The industry faces three main threats:
First, the economic slowdown rolling across the region will affect banks and their customers, especially in the corporate sector, McKinsey noted.
As a result, it expects banking profit growth to slow from 10 per cent annually between 2011 and 2014 to 3 per cent between 2016 and 2021.
Second, financial technology, or fintech, start-ups offering financial products such as payment systems and lending platforms, as well as established companies from outside the industry, such as Chinese e-commerce giant Alibaba, are encroaching into traditional banking territory.
Third, an increasing volume of non-performing loans is putting added stress on banks, as interest-coverage ratios are declining at large companies throughout the region, especially in China and India, McKinsey said.
McKinsey analysis indicates banks in Asia need to raise US$400 billion to US$600 billion in additional capital by 2020 to cover losses from non-performing loans while maintaining capital adequacy ratios.

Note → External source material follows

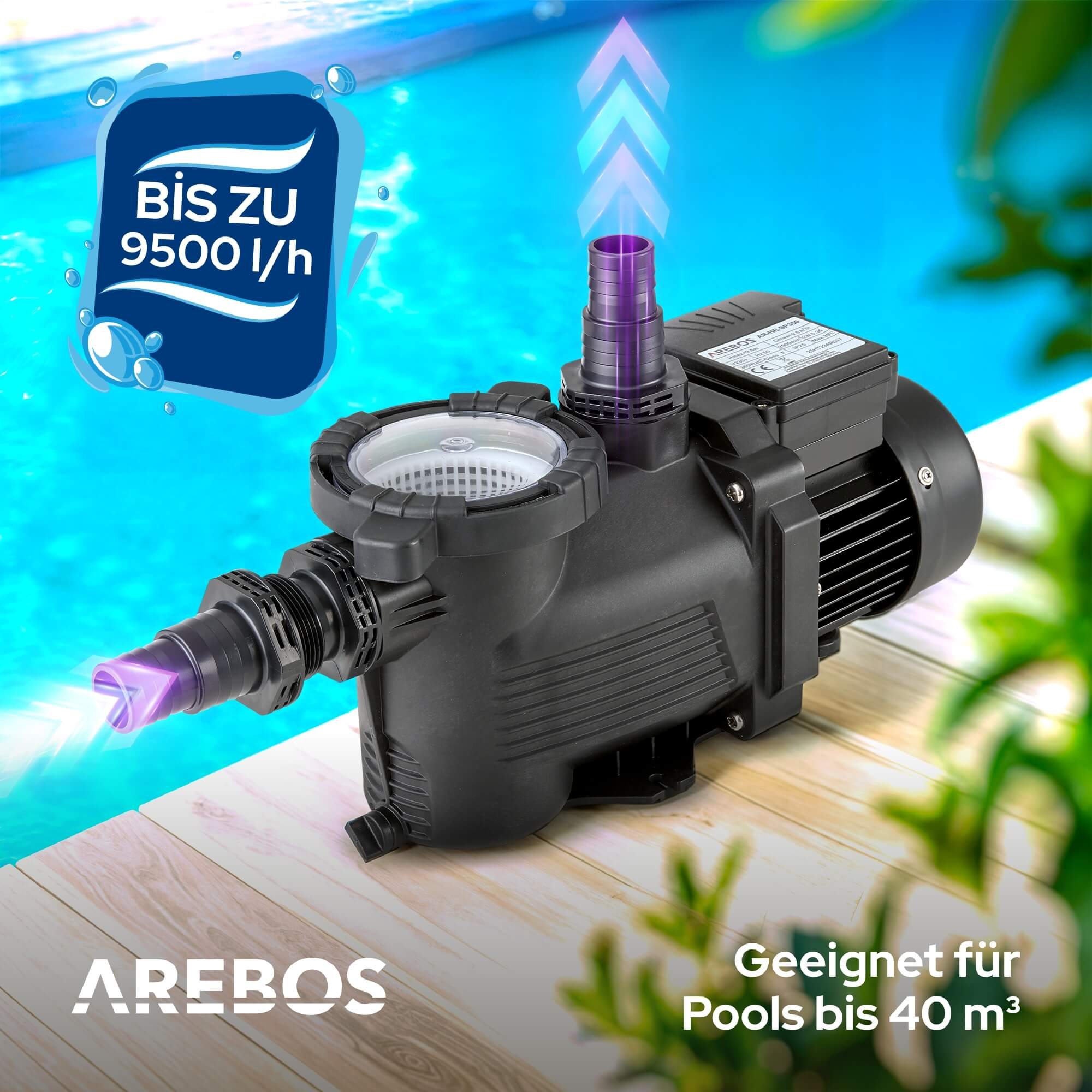 Schwarze Poolpumpe mit Textanzeigen, Poolhintergrund und einem Pfeil nach oben.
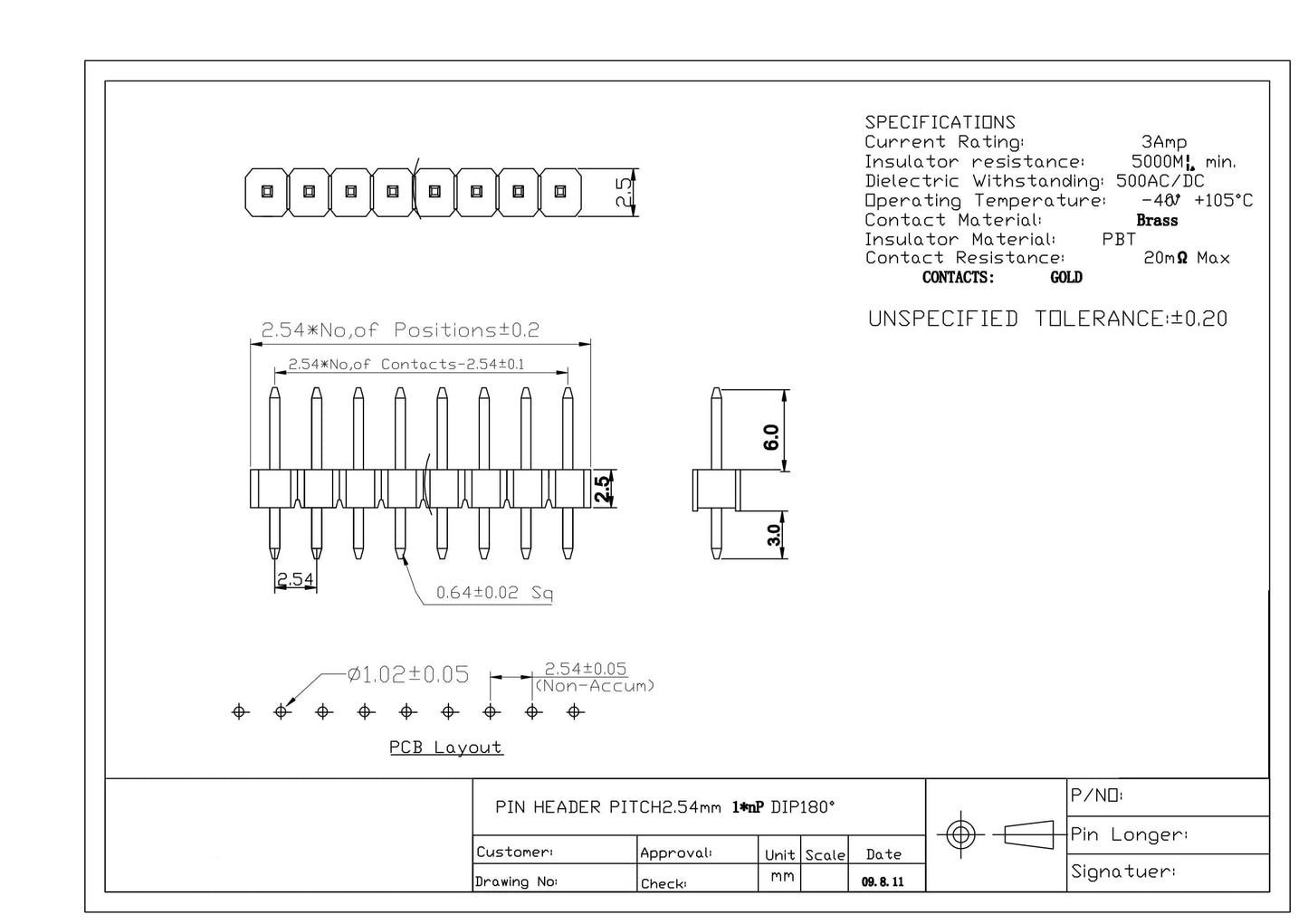 Pin Header Female 1x40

"Banks that simply try to wait out the storm will likely find themselves struggling for survival, but those that take action can uncover growth opportunities and measures that could help rekindle their momentum," McKinsey said.
McKinsey advised that banks focus their strategies on three "clear pockets of growth" - services for the unbanked and underbanked, an expanding affluent middle class, and the emerging importance of small- and medium-sized enterprises to corporate banking.
With margins under pressure, banks must also rapidly drive digitization, especially to control costs, the consultancy added.
Meanwhile, banks must also find ways to strengthen their balance sheets by addressing the growing volume of non-performing assets. Banks can explore creating asset management companies as a short-term solution, while working to improve risk management provides a longer term fix, McKinsey said.
And banks must rethink their organisational structure and culture, it added.
For example, they should form alliances with fintech firms and others to create and enable a digital ecosystem.
"The organisation also needs to become more flexible and nimble to bring out new products and services much faster than in the past. And finally, banks must revise their approach to talent and culture, creating room for innovation."
The coming storm is potent and is a clear threat to most banks in Asia Pacific, but it may also provide the kind of significant industry disruption that creates opportunity for those that recognise it, McKinsey said.
"The most aggressive banks will not merely survive the turbulence; they will be strengthened by it."